A new, evening-length solo dance performance conjures a dissonant dialogue around identity, transformation, and privilege.

In 1999, rising hip-hop artist Rennie Harris created a 7-minute solo dance for Megan Bridge’s student thesis concert at SUNY Purchase. A mashup of street dance and modern dance, including a recorded conversation between the two artists, the work had its professional debut in 2000’s Philadelphia Fringe Festival.

Using the original solo as a seed, Beautiful Human Lies: Chapter 4  takes one white woman’s story and embeds it in layers of media images, unfolding a spectacle that lives in the tension between personal and community healing and a violent, oppressive culture.

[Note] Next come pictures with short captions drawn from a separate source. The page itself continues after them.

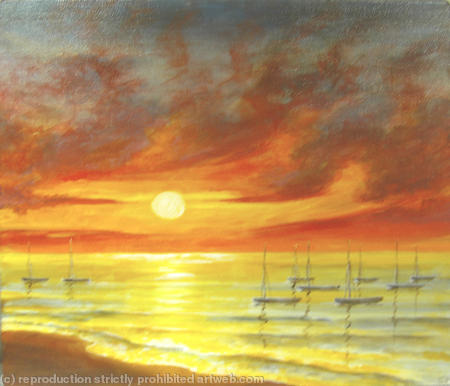  Marine Sunset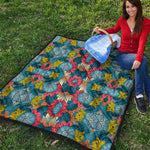 Native Tribal Bohemian Pattern Print Quilt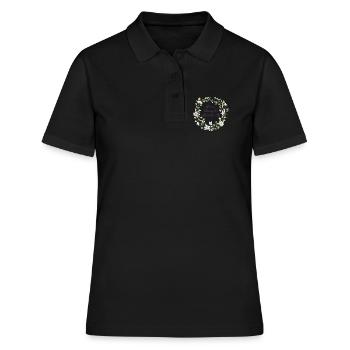 Live, Rire, Menty B. | Effondrement ironique - Polo Femme - noir - Devant - Ailine (174cm)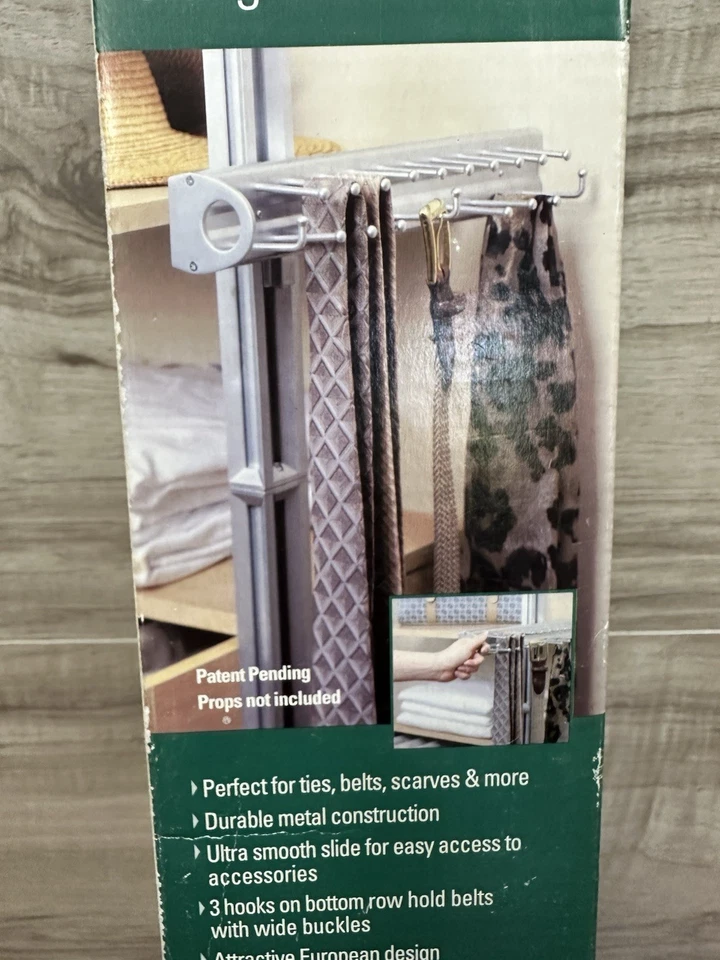 Corbata y cinturón deslizante de metal Stanley vintage nuevo en caja envío gratuito Foto 3 de 3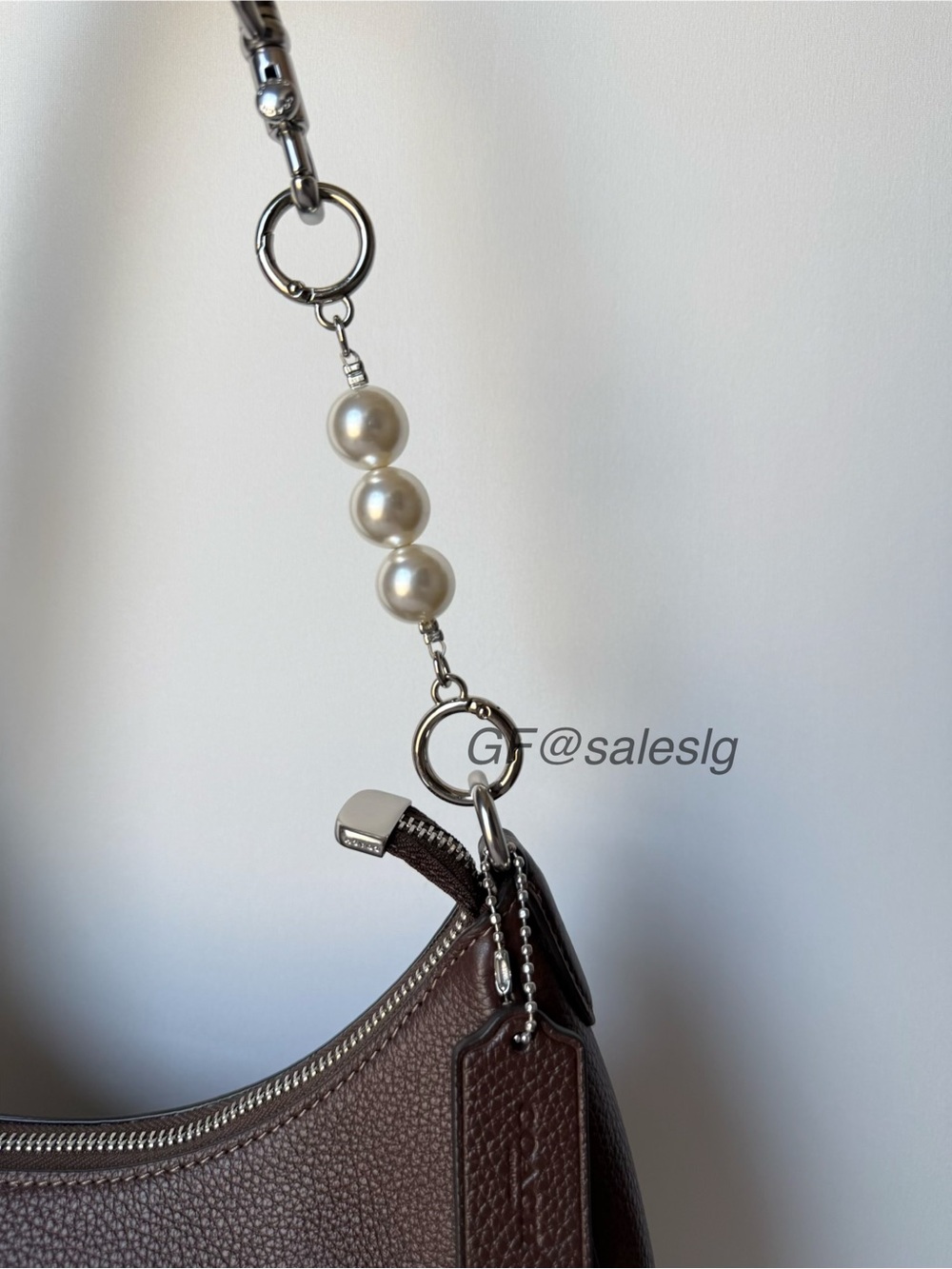 NWT Coach Teri Hobo Shoulder Bag Maple Brown Pebble Leather Silver CV935 - Picture 11 of 16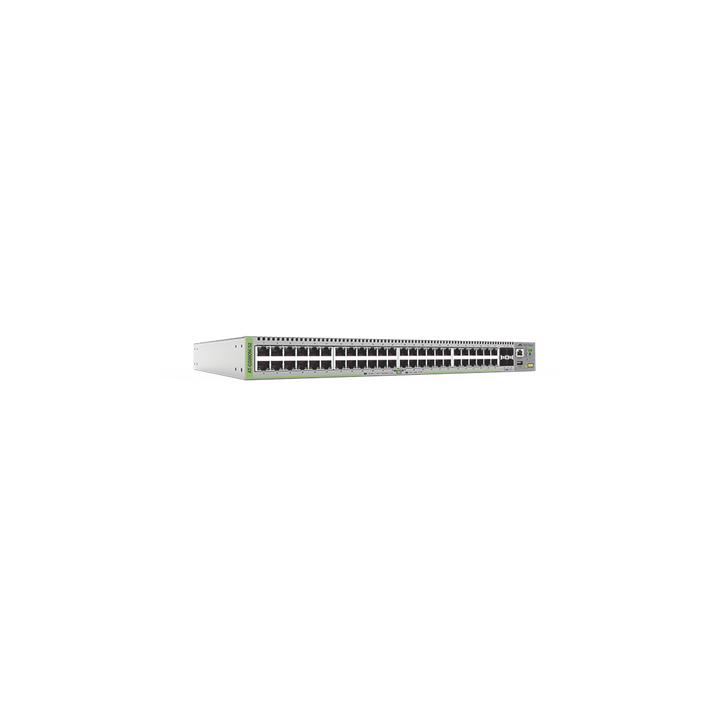 Switch Administrable CentreCOM GS980M, Capa 3 de 48 puertos 10/100/1000Mbps + 4 SFP Gigabit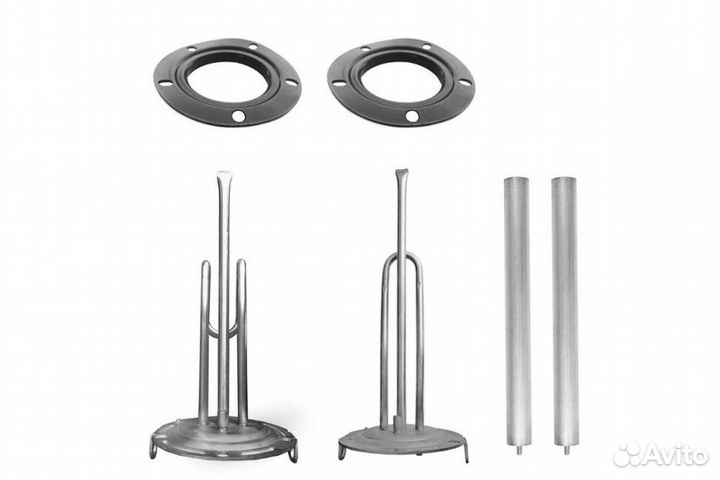 Комплект: тэн 1000W + 1500W, TW, VLS, нерж, 125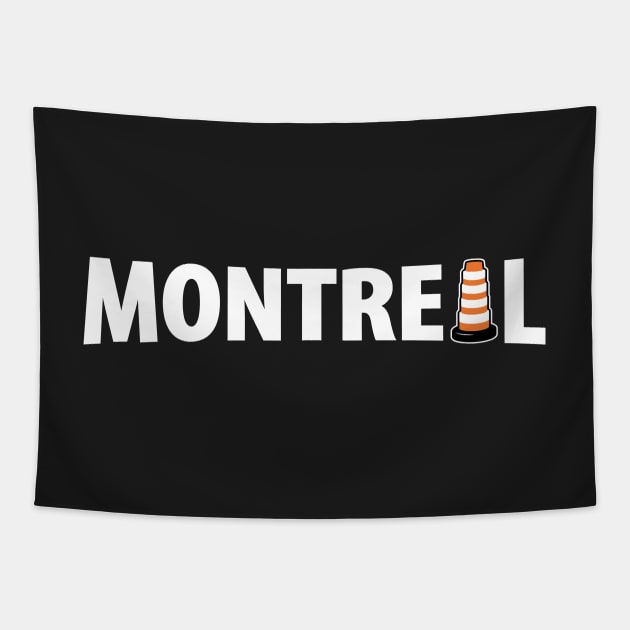 Montreal Traffic Cone Tapestry by Wasabi Snake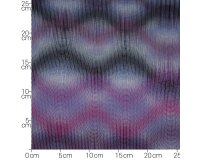 Viskosejersey FREYA, Wellen, fuchsia-blau, Hilco
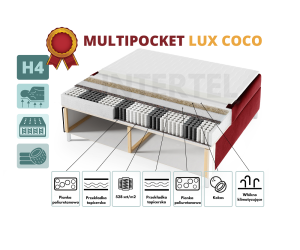 Dopłata do zmiany  materaca MULTIPOCKET LUX COCO wymiar 70-120 cm do łóżek INTARO...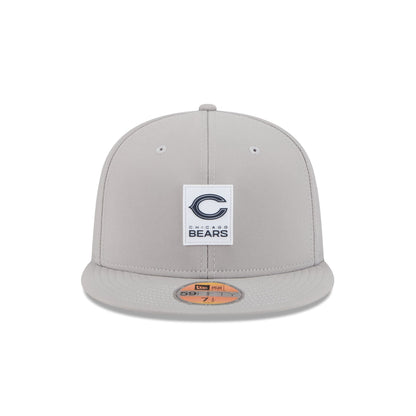 Chicago Bears 2025 Sideline Hot Weather Gray 59FIFTY Fitted Hat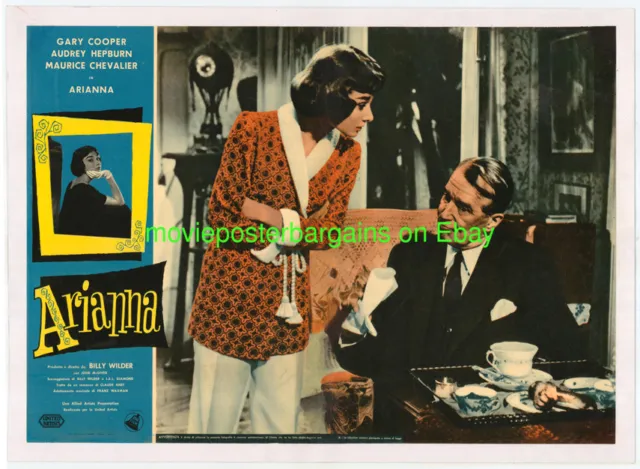Love In The Afternoon Movie Poster Audrey Hepburn Italian Rr #1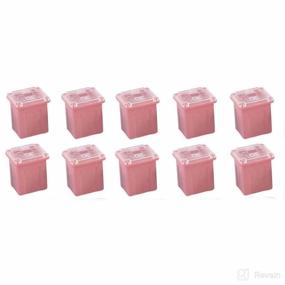 img 4 attached to 🔌 10 Pc Automotive Low Profile JCASE Fuse 30 Amp Kit for Ford, Chevy/GM, Nissan, Toyota: Ideal for Pickup Trucks, Cars, and SUVs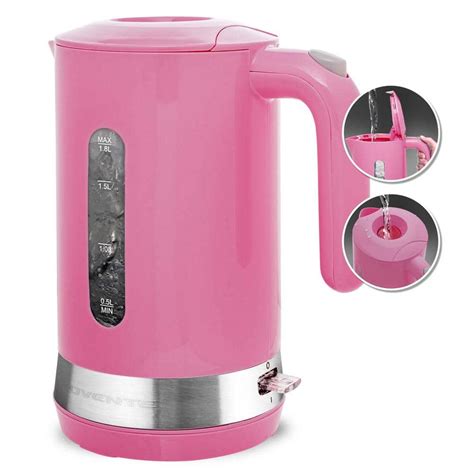 Ovente Cups Bpa Free Corded Electric Kettle With Auto Shut Off Kp P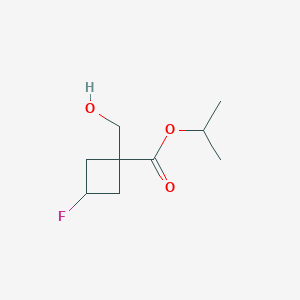 3-Fluoro-1-hydroxymethyl-cyclobutanecarboxylic acid isopropyl ester - 1403766-71-1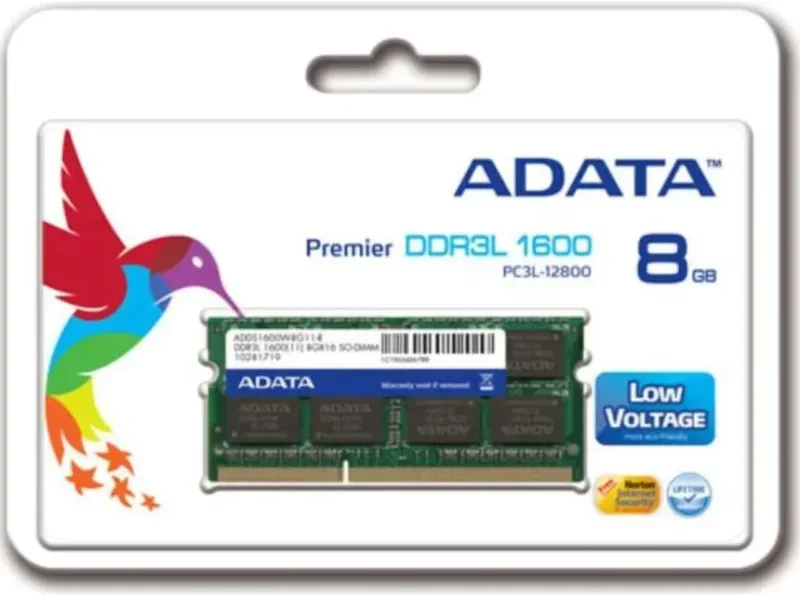 ADATA 8 Go DDR3 1600 MHz - vue principale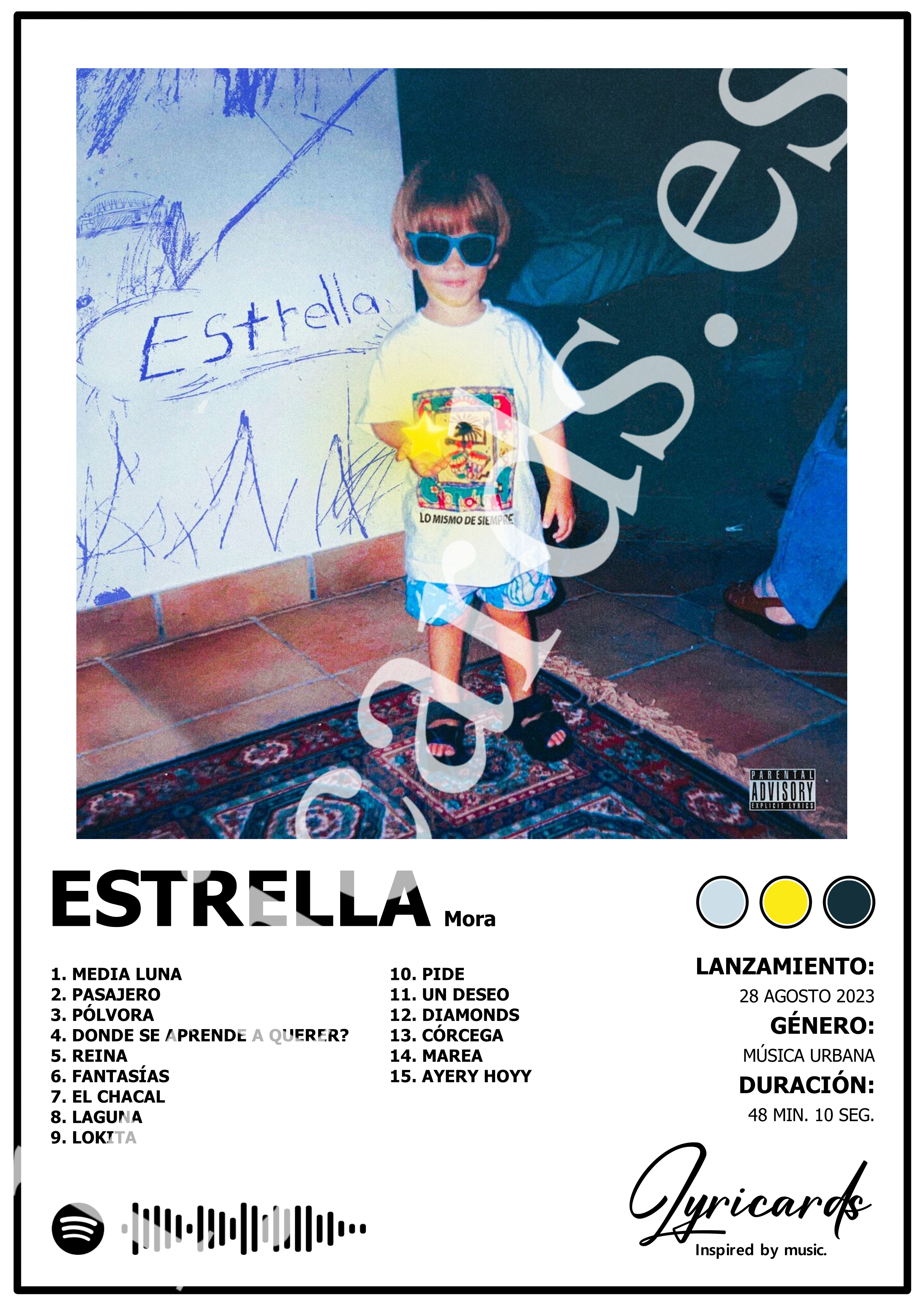 Lámina A4 - Estrella - Mora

This project explores the many ways that artistic collaboration can profoundly mark the passage of time, and how we break and remake ourselves to cobble together a coherent self.

Program Essay by Embedded Scholar & Writer, Brenda Dixon Gottschild

The poet and seer, Jelaluddin Rumi, admonishes us to
BISMILLAH your old self
to find your real name

For the moment, let’s translate that to mean “be grateful for what you’ve done, now move on to who you are.”  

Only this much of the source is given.